*SUPPLIED RECORDS:*
↓
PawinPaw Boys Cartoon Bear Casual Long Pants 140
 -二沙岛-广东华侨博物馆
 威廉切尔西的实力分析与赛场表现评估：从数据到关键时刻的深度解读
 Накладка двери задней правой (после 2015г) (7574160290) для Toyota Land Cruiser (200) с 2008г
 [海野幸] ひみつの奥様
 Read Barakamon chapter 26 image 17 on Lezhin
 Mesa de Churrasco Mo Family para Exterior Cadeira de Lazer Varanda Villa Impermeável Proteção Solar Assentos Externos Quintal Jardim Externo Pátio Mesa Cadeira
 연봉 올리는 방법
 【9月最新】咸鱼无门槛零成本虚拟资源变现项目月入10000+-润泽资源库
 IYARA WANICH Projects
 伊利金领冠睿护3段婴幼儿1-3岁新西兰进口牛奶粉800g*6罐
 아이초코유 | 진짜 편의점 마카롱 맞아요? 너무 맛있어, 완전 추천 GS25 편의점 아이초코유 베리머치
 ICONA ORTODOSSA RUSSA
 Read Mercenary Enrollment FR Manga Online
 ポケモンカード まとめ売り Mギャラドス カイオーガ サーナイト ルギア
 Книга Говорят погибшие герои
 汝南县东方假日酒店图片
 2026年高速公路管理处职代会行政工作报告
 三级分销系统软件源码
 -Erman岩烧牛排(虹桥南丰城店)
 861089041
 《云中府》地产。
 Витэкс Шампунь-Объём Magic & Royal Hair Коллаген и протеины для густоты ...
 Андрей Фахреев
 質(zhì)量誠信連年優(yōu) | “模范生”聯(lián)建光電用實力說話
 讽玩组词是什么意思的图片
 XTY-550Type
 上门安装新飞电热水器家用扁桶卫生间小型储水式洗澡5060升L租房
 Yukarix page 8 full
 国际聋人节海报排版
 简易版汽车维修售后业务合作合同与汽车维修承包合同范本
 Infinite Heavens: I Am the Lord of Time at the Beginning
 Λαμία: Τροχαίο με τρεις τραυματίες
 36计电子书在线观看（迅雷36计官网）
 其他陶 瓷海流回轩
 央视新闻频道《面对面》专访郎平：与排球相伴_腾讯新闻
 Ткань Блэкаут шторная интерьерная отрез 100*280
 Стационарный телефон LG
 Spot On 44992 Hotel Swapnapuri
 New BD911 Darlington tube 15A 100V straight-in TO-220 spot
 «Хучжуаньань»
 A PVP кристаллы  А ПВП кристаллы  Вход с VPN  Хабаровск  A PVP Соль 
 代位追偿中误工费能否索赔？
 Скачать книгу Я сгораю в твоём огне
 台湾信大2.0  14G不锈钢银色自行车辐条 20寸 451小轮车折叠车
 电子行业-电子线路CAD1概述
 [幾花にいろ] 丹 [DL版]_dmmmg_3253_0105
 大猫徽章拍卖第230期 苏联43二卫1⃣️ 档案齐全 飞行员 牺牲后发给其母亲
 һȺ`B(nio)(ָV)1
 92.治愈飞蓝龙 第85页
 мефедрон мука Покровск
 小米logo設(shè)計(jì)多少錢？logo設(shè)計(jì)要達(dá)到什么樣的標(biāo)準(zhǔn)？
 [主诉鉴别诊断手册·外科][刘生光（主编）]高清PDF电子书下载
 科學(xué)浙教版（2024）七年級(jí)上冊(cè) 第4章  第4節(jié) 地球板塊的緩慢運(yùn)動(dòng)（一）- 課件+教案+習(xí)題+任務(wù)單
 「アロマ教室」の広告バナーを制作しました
↑
*PROBLEM TO WORK ON:* Count every line of the records above in which the string "Read" appears. The number alone is to be given.

*OUTPUT OF THE TASK:* 2